# Better finished product



## wrench100 (Feb 12, 2012)

I am having trouble getting a smooth finish when I apply polyurethane. I use a good quality brush but still get lots of specs when it dries.


----------



## rrj (Jan 16, 2012)

Need more info. What is your finishing environment like? Are you thinning the poly? Is the poly water borne or oil? What kind of brush are you using, natural or synthetic? Do the specs look like bubbles, dust, or craters? Pics may help.


----------



## harrysin (Jan 15, 2007)

I go along with Bob regarding thinning with 5% to 10% turps. Use a tac rag after sanding. Usually several coats of Poly are needed for a superb finish and allow a few days for the final coat to harden, then give a good rub-down with 0000 grade wire wool lubricated with wax polish. The result will be a deep glass smooth finish.


----------



## DaninVan (Jan 1, 2012)

Bob, have you tried using good quality foam brushes? They don't leave bubbles like a brush stroke does. 
Dust and air bubbles are a royal pain with urethane. 
There was an earlier discussion on this here about a month ago...
I'll try and find it.


----------



## DaninVan (Jan 1, 2012)

Okay Bob, found it!
http://www.routerforums.com/finishi...ow-get-smooth-glossy-polyurethane-finish.html


----------



## OPG3 (Jan 9, 2011)

A few years ago, my wife's office was having need for a very heavy-duty custom-made table for a quite heavy piece of publishing equipment.
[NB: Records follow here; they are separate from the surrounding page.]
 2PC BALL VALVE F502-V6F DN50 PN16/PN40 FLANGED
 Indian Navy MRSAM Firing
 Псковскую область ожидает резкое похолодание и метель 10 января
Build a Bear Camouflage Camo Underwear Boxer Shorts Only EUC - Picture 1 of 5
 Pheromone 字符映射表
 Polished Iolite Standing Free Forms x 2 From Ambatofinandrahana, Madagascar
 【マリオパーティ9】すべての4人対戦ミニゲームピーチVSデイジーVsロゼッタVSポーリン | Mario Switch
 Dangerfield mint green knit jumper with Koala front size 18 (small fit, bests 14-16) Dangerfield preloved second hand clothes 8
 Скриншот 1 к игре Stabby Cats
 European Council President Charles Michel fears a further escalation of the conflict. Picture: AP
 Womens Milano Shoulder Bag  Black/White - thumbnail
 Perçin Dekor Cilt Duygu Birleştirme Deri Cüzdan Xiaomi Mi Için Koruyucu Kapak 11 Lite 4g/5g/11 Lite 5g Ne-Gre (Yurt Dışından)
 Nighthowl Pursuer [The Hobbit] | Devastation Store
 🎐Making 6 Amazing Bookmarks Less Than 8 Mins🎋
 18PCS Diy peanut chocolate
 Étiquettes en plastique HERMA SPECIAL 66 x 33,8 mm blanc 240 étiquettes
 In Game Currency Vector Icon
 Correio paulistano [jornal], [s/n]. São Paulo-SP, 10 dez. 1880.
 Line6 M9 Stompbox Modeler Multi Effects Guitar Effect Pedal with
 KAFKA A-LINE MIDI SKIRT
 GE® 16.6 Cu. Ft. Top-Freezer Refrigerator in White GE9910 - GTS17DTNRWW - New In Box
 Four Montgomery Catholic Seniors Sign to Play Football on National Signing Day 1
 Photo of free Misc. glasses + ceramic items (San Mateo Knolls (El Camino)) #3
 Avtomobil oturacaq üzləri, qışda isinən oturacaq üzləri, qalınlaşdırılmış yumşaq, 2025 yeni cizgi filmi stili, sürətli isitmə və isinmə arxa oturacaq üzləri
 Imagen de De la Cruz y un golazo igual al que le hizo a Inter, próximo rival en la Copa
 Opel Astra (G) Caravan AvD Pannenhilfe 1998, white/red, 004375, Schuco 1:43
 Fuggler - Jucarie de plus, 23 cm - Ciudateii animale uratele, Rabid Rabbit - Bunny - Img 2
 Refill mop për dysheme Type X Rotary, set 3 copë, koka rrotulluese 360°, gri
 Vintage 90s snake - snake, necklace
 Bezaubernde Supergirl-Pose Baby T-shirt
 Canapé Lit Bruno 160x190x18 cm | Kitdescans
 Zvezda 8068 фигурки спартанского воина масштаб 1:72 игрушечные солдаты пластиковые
Very exact dimensions were critical for height, length, width and locations for electrical connections. No problem on the exact dimensions and the heavy-duty part, but finishing stuff is something I am very weak on (my work is typically building prototypes - no beauty required). She decided on a stain color and a Minwax Polyurethane. I had several weeks to complete the project, but I was finding a bubble-free finish on the polyurethane to be unattainable. When I mentioned this problem to her - she said, "That's very easy - immediately after laying-on the polyurethane go-over it with a small torch equipped with a flame spreader - the bubbles will dissipate immediately". She warned me on the volatility and insisted I keep the flame moving. Sure enough, it worked great for every coat! I wish I had asked her earlier - it would have saved me about 5 or 6 coats of wasted polyurethane, but it taught me a valuable lesson.
WARNING, IF YOU DO THIS - DO IT VERY CAREFULLY WITH ADEQUATE VENTILATION.


----------



## jw2170 (Jan 24, 2008)

Welcome to the router forum.

Thank you for joining us, Bob.


----------



## wrench100 (Feb 12, 2012)

My environ is my workroom bench, temperature is good. Did not thin the oil based poly; I will try this next. Specs look like bubbles. And I don't know about my brush.

Thanks for the information. I'll check into the different issues.


----------



## wrench100 (Feb 12, 2012)

Thanks, I will thin my poly like you suggested.


----------



## wrench100 (Feb 12, 2012)

Got it, thanks.


----------



## wrench100 (Feb 12, 2012)

Test.....


----------



## wrench100 (Feb 12, 2012)

I think I will try thinning the poly first before I try the torch approach. Thamks.


----------